Save delayed operations to HDF5 using the chihaya specification.
This extracts operations out of a DelayedArray
and stores them in a HDF5 file,
where they can be used to reconstitute the same DelayedArray
in a new R session - or indeed, in a different analysis framework altogether.
The idea is to save the operations, which is usually cheap;
rather than the results of the operations, which may be expensive for large datasets or when sparsity is broken.
If we make a DelayedArray
with arbitrary operations:
library(DelayedArray)
x <- DelayedArray(matrix(runif(1000), ncol=10))
x <- x[11:15,] / runif(5)
x <- log2(x + 1)
x
## <5 x 10> matrix of class DelayedMatrix and type "double":
## [,1] [,2] [,3] ... [,9] [,10]
## [1,] 1.318228112 1.789374232 1.854133153 . 1.10085064 1.22825033
## [2,] 0.340258109 0.598988926 0.005719794 . 0.05900444 0.19562976
## [3,] 0.205758979 0.624928389 0.574661104 . 0.96990885 0.31573385
## [4,] 0.129171362 1.149253865 0.091821910 . 0.10878614 0.45618400
## [5,] 1.317402933 1.753933055 1.857993438 . 1.83012744 2.11469960
We can save it to file with the chihaya R package:
library(chihaya)
fpath <- tempfile(fileext=".h5")
saveDelayed(x, fpath, "my_delayed_array")
rhdf5::h5ls(fpath)
## group name otype dclass dim
## 0 / my_delayed_array H5I_GROUP
## 1 /my_delayed_array base H5I_DATASET FLOAT ( 0 )
## 2 /my_delayed_array method H5I_DATASET STRING ( 0 )
## 3 /my_delayed_array seed H5I_GROUP
## 4 /my_delayed_array/seed method H5I_DATASET STRING ( 0 )
## 5 /my_delayed_array/seed seed H5I_GROUP
## 6 /my_delayed_array/seed/seed along H5I_DATASET INTEGER ( 0 )
## 7 /my_delayed_array/seed/seed method H5I_DATASET STRING ( 0 )
## 8 /my_delayed_array/seed/seed seed H5I_GROUP
## 9 /my_delayed_array/seed/seed/seed index H5I_GROUP
## 10 /my_delayed_array/seed/seed/seed/index 0 H5I_DATASET INTEGER 5
## 11 /my_delayed_array/seed/seed/seed seed H5I_GROUP
## 12 /my_delayed_array/seed/seed/seed/seed data H5I_DATASET FLOAT 100 x 10
## 13 /my_delayed_array/seed/seed/seed/seed native H5I_DATASET INTEGER ( 0 )
## 14 /my_delayed_array/seed/seed side H5I_DATASET STRING ( 0 )
## 15 /my_delayed_array/seed/seed value H5I_DATASET FLOAT 5
## 16 /my_delayed_array/seed side H5I_DATASET STRING ( 0 )

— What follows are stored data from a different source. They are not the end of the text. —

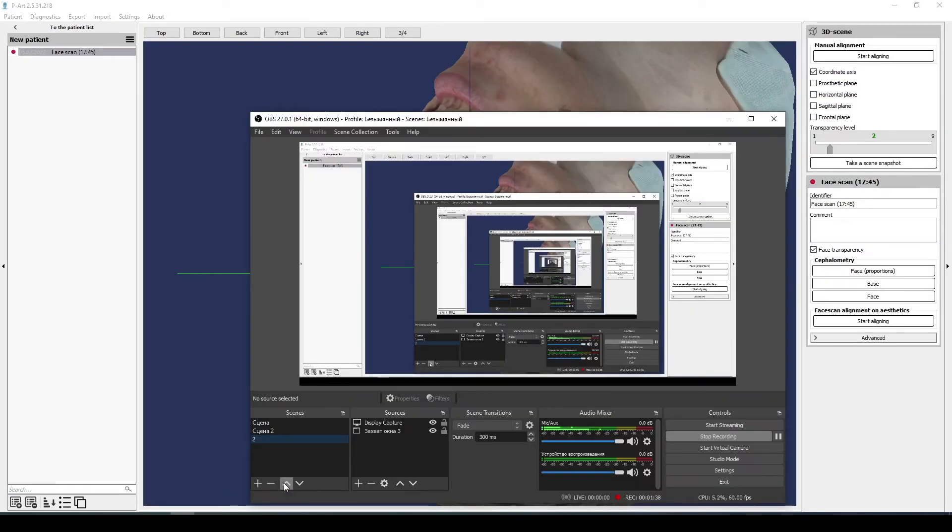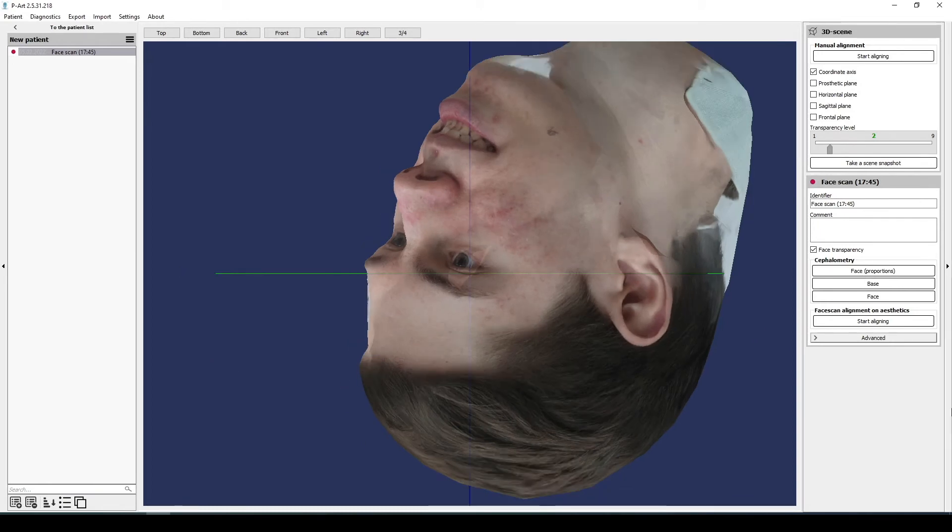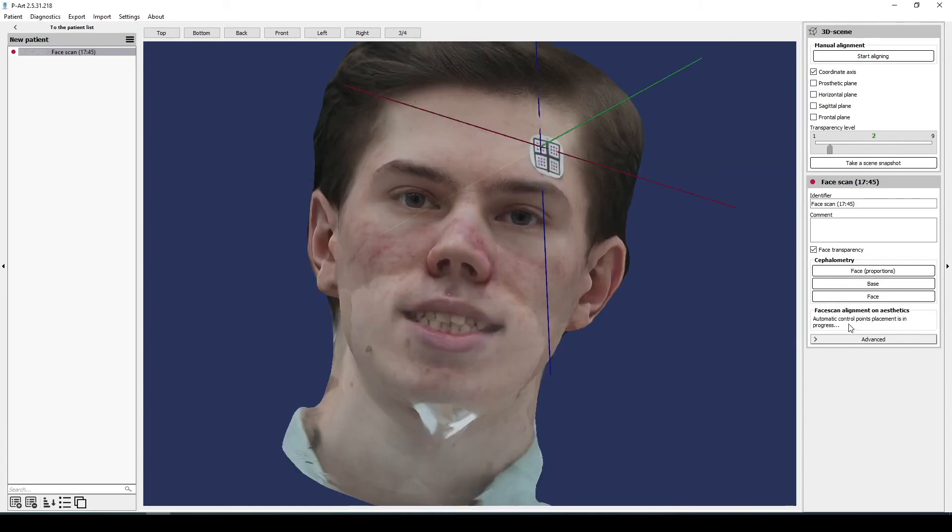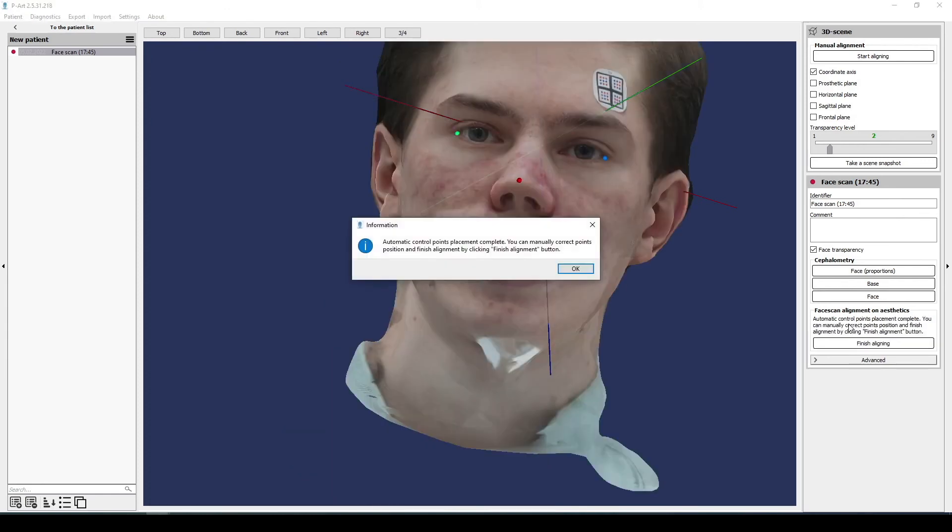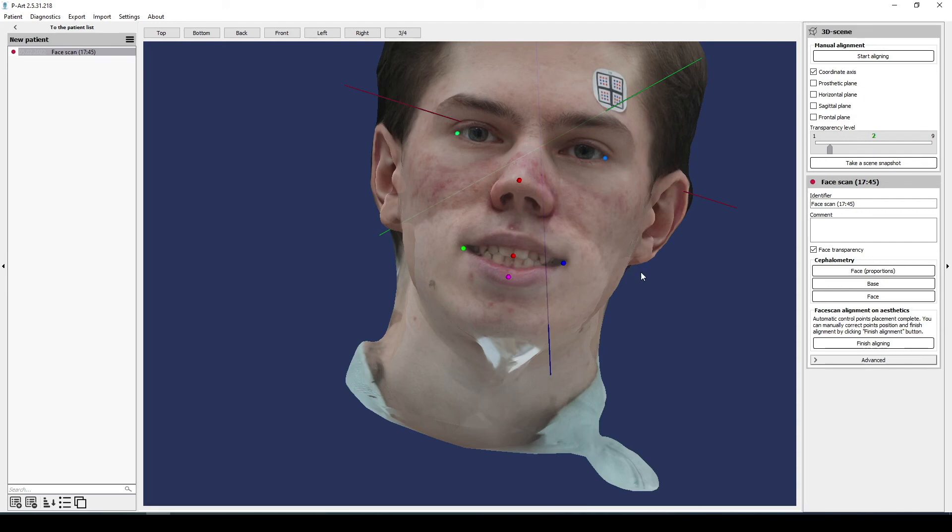After that you need to align the face scan for further work. To align the face scan in the right menu at face scan section we start alignment. The program will automatically place all the necessary alignment points. They are aesthetics points. The points will be located in the lips area, in the area of the eyes and the nose, if these points need to be corrected or the program didn't completely place all the points.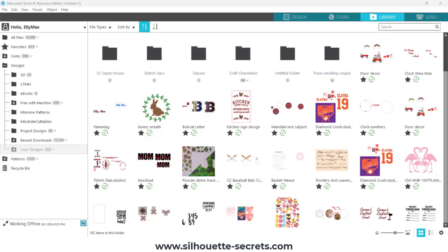Did you know that if you see this little symbol that says working offline in the bottom left hand corner of your Silhouette Studio software, there are two reasons that this happens.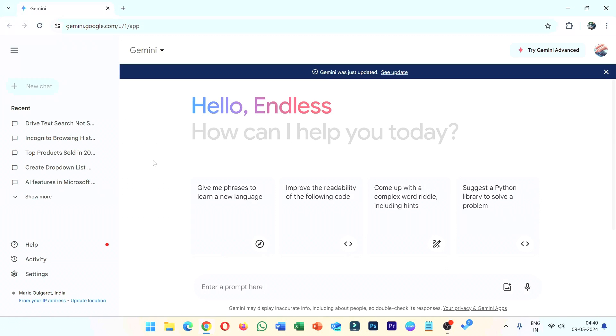Hello everyone, welcome to Endless Knowledge. In this video, we will talk about Google AI Gemini Chatbot.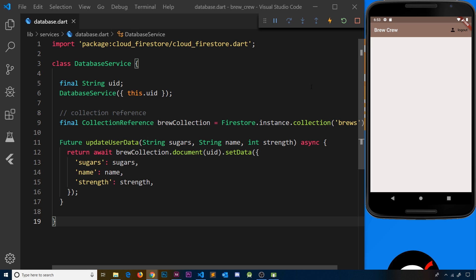Every bit of data we get down that stream is going to be a snapshot of the brews collection at that moment in time. That snapshot is basically an object which contains the current documents and their properties and values inside the collection. So for example, when a new document is added when a user signs up, we get a snapshot down through the stream that represents the brews collection at that moment — including the newly added document.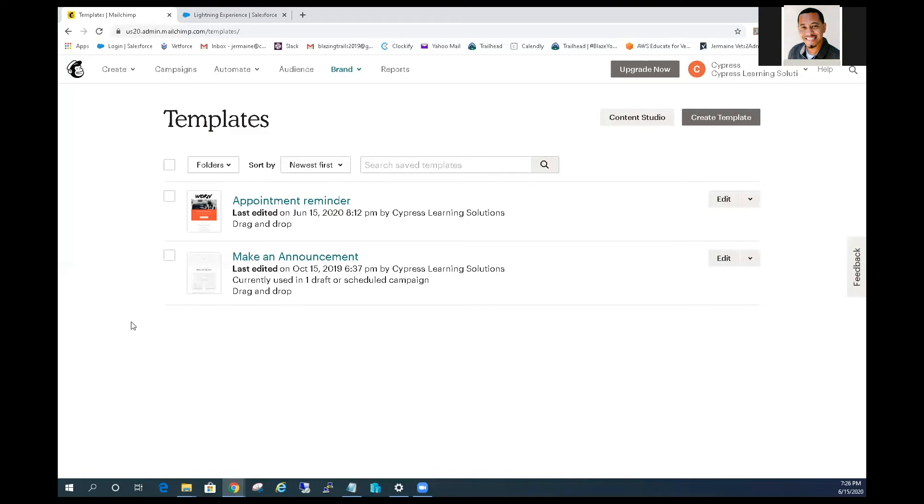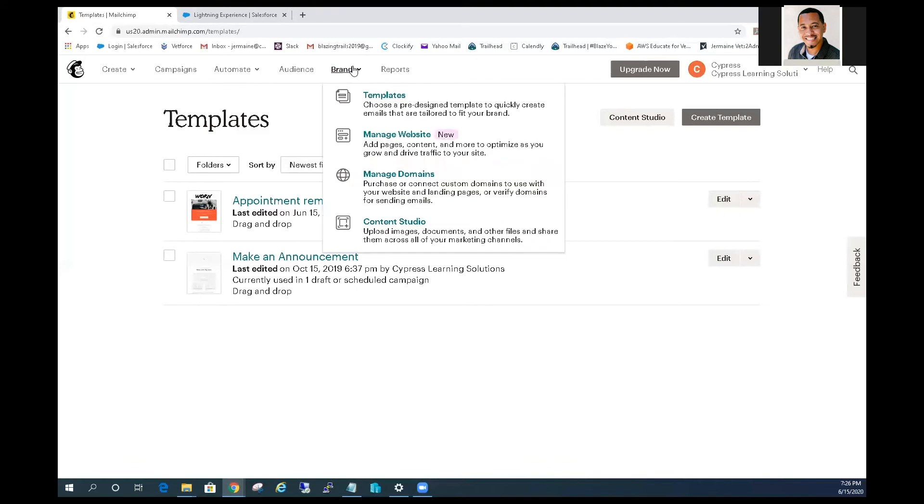So step one, log into Mailchimp and go to the brands tab. So I'm already logged into Mailchimp here, go to the brands tab, click the templates link from the menu.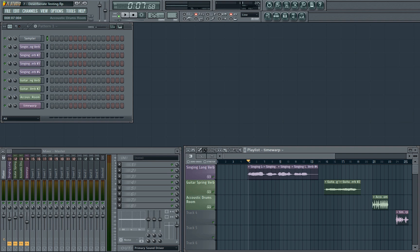Hello and welcome to Production Bytes. I'm your host Nick and today I'm going to be reviewing Akon Digital's Deverberate. A while back I reviewed Synaptic Unveil, which is a dereverberation and signal focusing plugin, and was pretty amazed at what it was able to do.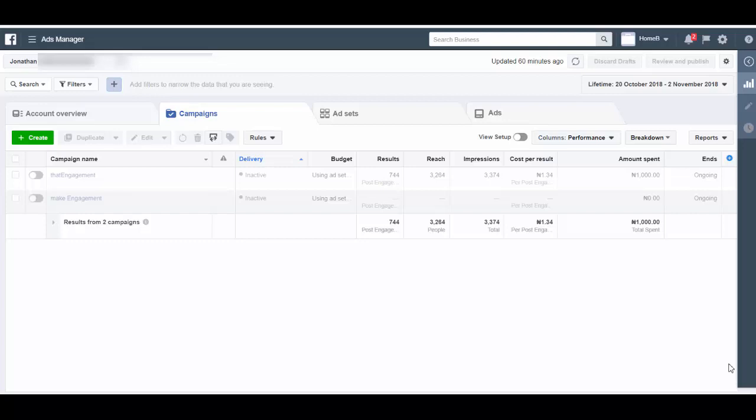Alright, so in this video we're going to look at how you can create message conversion ads. In the last video we talked about how to create website conversion ads which require you to have a website and install a pixel code. Now for a message conversion ad, you don't need a pixel code, you don't need a website.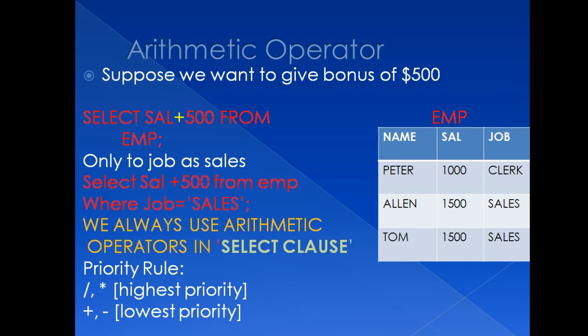But suppose I want to give bonus to only few employees. I don't want to add $500 in every salary, but I want to restrict my selection and add $500 for only few employees. So for that, you can write, select salary plus 500 from EMP, where job is equal to sales.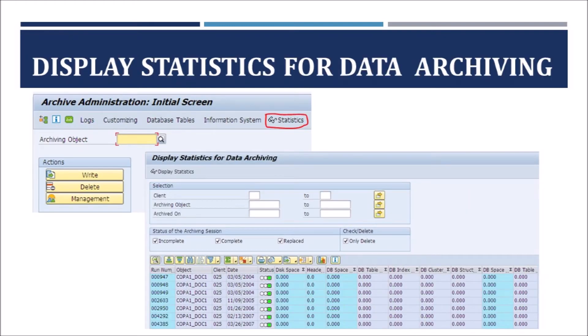After data archiving, companies usually try to determine what they have gained from archiving the data. It is useful to know how much space is gained in the database after archiving. To view these statistics, go to the SARA transaction and click the Statistics button — this gives information about the space gained from write jobs, delete jobs, etc.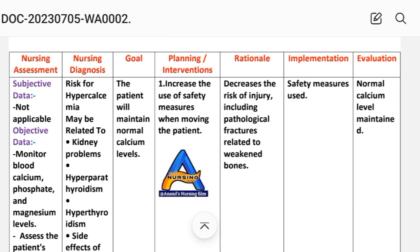After writing the nursing diagnosis, we write the goal. Looking at the patient's condition, we write the goal as: the patient will maintain a normal calcium level.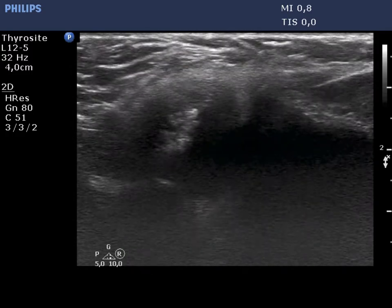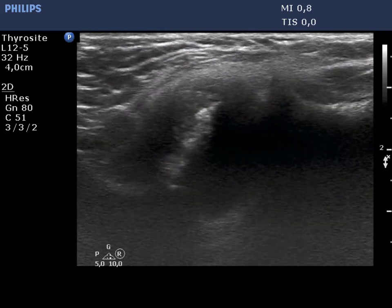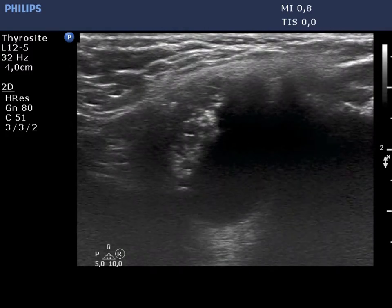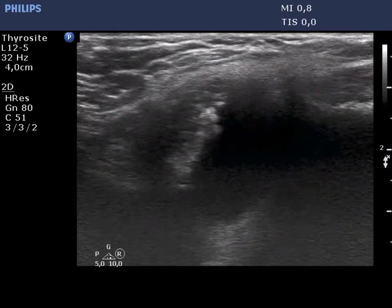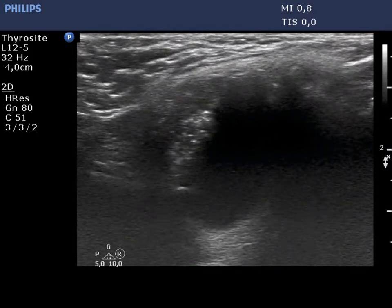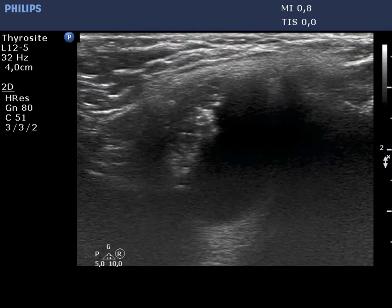Now, the mass on longitudinal scan. The solid part is hypoechoic and it is located in the upper pole of the lesion.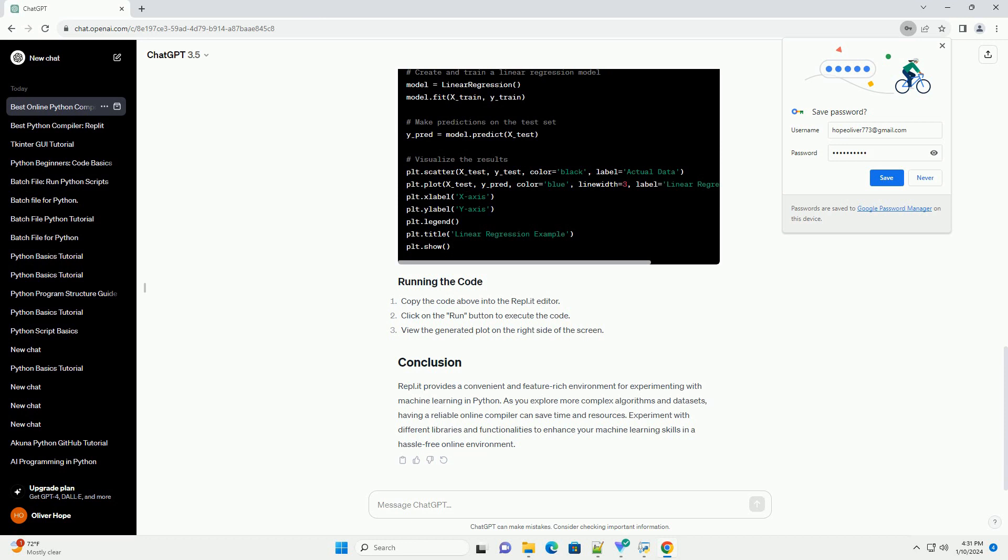Execution speed: some online compilers might have limitations on execution speed. Choose a compiler that provides reasonably fast execution to run machine learning algorithms efficiently.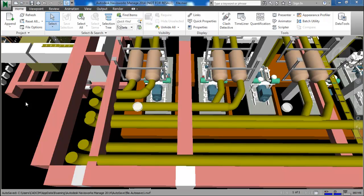In this model I am going to create the selection sets for the pipes and the beams which are interfering with each other.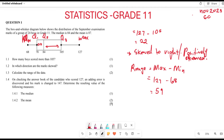For Question 1.4, on checking the answer book of the candidate who scored 127, a marking error is discovered and his mark is changed to 147. They ask us to determine the effect on the following measures.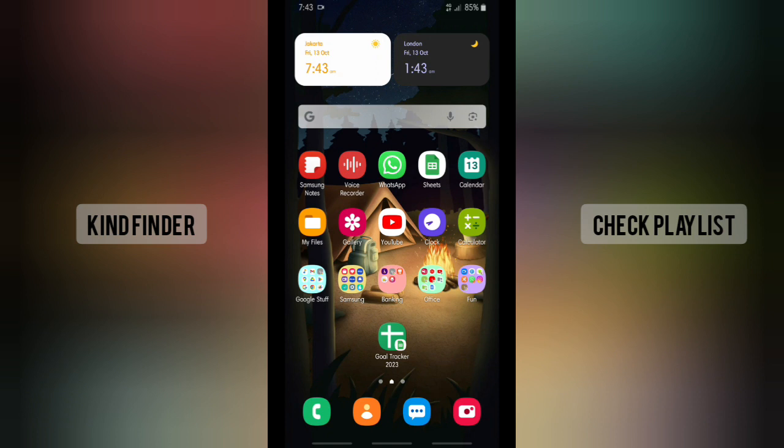All right, guys, so that's how to create, put, or add a shortcut from your Google Sheets document on your home screen. Thanks for watching this video. If you found this helpful, don't forget to hit the thumbs up button and share this with your friends. Once again, thank you and good luck!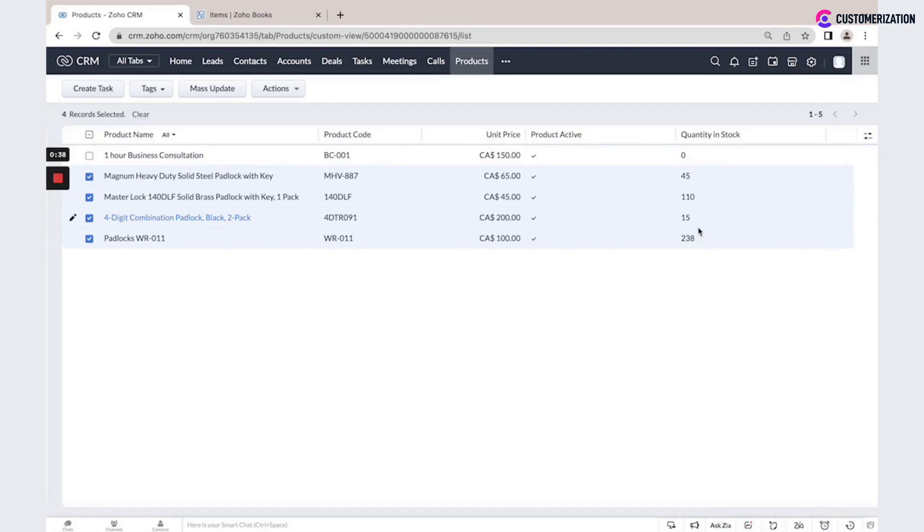Also, if you enable sync with Zoho Books application or any other financial application in Zoho One Suite, you could sync this information between different models.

## 17 /my_delayed_array/seed value H5I_DATASET FLOAT ( 0 )
And then reload it in a separate session:
y <- loadDelayed(fpath, "my_delayed_array")
y
## <5 x 10> matrix of class DelayedMatrix and type "double":
## [,1] [,2] [,3] ... [,9] [,10]
## [1,] 1.318228112 1.789374232 1.854133153 . 1.10085064 1.22825033
## [2,] 0.340258109 0.598988926 0.005719794 . 0.05900444 0.19562976
## [3,] 0.205758979 0.624928389 0.574661104 . 0.96990885 0.31573385
## [4,] 0.129171362 1.149253865 0.091821910 . 0.10878614 0.45618400
## [5,] 1.317402933 1.753933055 1.857993438 . 1.83012744 2.11469960
The file at fpath
follows the specification described here.
This provides cross-language portability and ensures that the serialization process is robust to changes in the DelayedArray class structure.
Many of the basic operations in DelayedArray are supported. However, there are a few operations that are not described by the chihaya specification. An incomplete list is provided below:
is.na
. This is missing as there is no accepted standard definition of missing-ness. (In comparison,is.nan
is well-defined and is supported by the chihaya specification.)- All distribution functions, e.g.,
dpois
,qunif
and so on. These were omitted from the specification as they do not have native implementations in many frameworks.